A fourth higher education exit came about in mid-June when former state legislator Vic Stelly abruptly resigned from the Board of Regents, the state’s top higher education board, six months before his term ended over what he called his disillusionment with the direction of higher education in Louisiana.

Moffett, who could not be reached for comment on Monday, did not give a reason for stepping down in the statement announcing his retirement.

The Jonesboro native took over as UL System president in July 2008. System spokeswoman Jackie Tisdell credits Moffett as having introduced to the system the 120-credit degree standard and presiding over an era of increased retention and graduation rates while reducing the time it took the average student to graduate.

Before moving over to the system office, Moffett worked at Southeastern Louisiana University in Hammond for 25 years in various faculty and administrative roles before serving as the school’s president for seven years, Tisdell said.

Moffett was at the helm last year when Gov. Bobby Jindal proposed merging Southern University at New Orleans with the University of New Orleans. When that failed, the Louisiana Legislature approved moving UNO from the LSU System into the UL System.

UL System Board Chair Wayne Parker, who in a statement called Moffett “one of the most esteemed leaders” he knows, said he plans to soon call a meeting of the UL Board of Supervisors’ Executive Committee to start the process of finding a successor.
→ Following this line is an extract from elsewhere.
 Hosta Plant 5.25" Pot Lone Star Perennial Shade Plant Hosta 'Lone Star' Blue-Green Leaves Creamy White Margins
Interim LSU System President William Jenkins on Monday called Moffett’s retirement “sad” and “disappointing.”

“He has been a pillar of strength in higher education for a very long time,” Jenkins said. “I’ll be sad to see him go.”

Moffett took on a leadership role during the most recent legislative session often lobbying against proposals that called for deep cuts to colleges and universities.

State spending on higher education has declined by 26 percent — about $420 million total — since 2008.

One week after the session ended, Moffett fired off a letter urging the Regents to suspend their performance-based funding formula in the wake of the Legislature’s stripping of $66 million out of the higher education budget for the fiscal year that began July 1. Moffett argued the formula, which takes into account credit hours taken by students and gives weight to the types of programs offered, was not designed to work effectively when state funding is on a downswing.

Moffett contended the cuts should be spread proportionally across the state’s four college systems.

Last month, when the American Association of University Professors put Southeastern and Northwestern State University in Natchitoches on its censure list, Moffett criticized the association’s methods and what he described as the narrow scope of their investigation.

When Moffett steps down, he will be joining in retirement his wife, Barbara, the former head of the Southeastern department of nursing. The couple has three children and five grandchildren.